И как можно не пожалеть некрасовскую Катю! Она вынуждена, у нее ничего другого, кроме дара природы, нет. А она молода, легкомысленна, хочется приукрасить себя уж не парчой даже, а хотя бы ситчиком. Вот и пошла на такой риск с бродячим абрамовичем.

Но Белов своё: «Лжёте! Мужик не любил, когда его жалеют. Русский крестьянин с древних пор был достаточно горд, спокоен, снисходителен к барину, уряднику и даже царю.
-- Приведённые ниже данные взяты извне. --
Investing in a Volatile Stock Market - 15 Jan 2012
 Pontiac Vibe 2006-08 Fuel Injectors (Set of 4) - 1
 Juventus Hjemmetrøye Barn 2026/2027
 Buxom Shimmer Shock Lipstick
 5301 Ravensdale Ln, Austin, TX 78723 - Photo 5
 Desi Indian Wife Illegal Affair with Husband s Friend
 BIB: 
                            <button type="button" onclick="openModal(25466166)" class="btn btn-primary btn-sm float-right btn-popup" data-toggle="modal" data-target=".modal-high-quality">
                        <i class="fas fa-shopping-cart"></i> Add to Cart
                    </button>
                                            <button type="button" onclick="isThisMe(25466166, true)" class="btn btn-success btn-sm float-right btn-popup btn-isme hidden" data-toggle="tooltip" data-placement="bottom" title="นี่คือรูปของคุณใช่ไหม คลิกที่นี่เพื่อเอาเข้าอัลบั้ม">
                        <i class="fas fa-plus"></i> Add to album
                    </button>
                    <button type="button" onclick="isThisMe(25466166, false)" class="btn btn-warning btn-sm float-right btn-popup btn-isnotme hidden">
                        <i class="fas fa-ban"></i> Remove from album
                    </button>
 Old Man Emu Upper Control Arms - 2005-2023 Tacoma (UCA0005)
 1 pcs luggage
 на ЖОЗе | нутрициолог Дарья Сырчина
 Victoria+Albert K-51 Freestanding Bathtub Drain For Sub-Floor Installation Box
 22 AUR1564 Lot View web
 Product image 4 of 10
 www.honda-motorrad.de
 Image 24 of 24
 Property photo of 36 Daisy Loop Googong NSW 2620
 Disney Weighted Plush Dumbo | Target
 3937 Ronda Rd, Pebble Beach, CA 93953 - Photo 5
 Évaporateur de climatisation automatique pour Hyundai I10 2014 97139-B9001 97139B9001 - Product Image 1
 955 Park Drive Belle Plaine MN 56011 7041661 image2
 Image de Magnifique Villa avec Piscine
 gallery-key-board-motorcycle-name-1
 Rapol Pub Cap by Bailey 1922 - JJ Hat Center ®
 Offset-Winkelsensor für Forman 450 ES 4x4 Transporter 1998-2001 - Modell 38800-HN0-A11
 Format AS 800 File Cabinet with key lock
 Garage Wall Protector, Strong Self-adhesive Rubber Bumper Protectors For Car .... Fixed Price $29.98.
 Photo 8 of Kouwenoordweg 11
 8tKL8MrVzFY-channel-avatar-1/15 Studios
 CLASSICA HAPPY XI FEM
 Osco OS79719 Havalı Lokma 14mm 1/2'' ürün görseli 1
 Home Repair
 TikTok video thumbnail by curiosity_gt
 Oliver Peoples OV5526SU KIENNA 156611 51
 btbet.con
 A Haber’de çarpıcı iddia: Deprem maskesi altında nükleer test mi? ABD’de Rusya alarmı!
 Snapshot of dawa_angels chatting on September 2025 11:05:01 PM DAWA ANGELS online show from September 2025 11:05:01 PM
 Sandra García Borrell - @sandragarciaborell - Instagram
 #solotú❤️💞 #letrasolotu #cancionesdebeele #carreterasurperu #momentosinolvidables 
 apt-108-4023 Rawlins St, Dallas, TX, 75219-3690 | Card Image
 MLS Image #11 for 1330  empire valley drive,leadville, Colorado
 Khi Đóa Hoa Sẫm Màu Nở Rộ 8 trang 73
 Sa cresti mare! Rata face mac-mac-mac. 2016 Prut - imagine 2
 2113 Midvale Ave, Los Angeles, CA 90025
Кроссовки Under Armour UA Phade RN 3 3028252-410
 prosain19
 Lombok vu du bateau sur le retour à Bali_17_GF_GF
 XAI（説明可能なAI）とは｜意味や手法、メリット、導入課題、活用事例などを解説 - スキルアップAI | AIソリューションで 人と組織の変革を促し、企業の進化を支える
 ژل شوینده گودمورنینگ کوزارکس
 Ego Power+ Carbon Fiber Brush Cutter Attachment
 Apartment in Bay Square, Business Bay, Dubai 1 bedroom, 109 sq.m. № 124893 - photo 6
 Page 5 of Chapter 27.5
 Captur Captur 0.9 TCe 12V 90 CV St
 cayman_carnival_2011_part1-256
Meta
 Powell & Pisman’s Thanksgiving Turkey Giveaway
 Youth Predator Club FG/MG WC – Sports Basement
Напрасно господа демократы называют крестьянина рабом…» Выстрел мимо.

Ну, допустим, можно было снисходительно относиться к барину (хотя не совсем ясно, в чём это могло выражаться), но такое отношение не мешало ему, барину-то, пороть крестьянина, продавать, менять на породистых собак, заставлять его жену или дочь выкармливать грудью породистых щенков, погашать крестьянской семьёй, а то и целой деревней карточный долг, как когда-то тульский помещик граф Бобринский погасил такой долг уральскому горнозаводчику Демидову моими предками с берегов Непрядвы. И так мои однофамильцы появились и в Нижнем Тагиле. И это всё не рабство? Допустим, можно было загадочно-снисходительно относиться и к царю, которого никогда не видел, но и тому это не помешало, например, отменяя крепостное право, оставить крестьян без земли, а когда, скажем, 9 января 1905 года питерские рабочие, то есть вчерашние крестьяне, с хоругвями и его портретами пошли к царю искать защиты от кровососов вроде Чубайса и Черномырдина, это не помешало ему встретить их картечью. Допустим также, что можно быть очень гордым, можно не считать себя рабом, но рабство-то с древних пор было настоящее, узаконенное. И только одно утешение здесь: в реакционной России («Жандарм Европы») его отменили раньше, чем в прогрессивной Америке (статуя Свободы), где захватническое, чужеземное, иноязыкое рабство было ещё тяжелей.

Право, от суждений писателя о весёлых коробейниках да от его отрицания угнетённости крестьян на меня повеяло духом давних-предавних его стихов, упоминавшихся выше: «Мы и жизнь не жалели…».

В конце предисловия к сборнику Белов заметил: «Дорогие читатели, не судите о нашем выборе слишком сурово, как судит Ирина Ракша: «Шукшин ушёл вовремя, взяв предельную планку собственной высоты».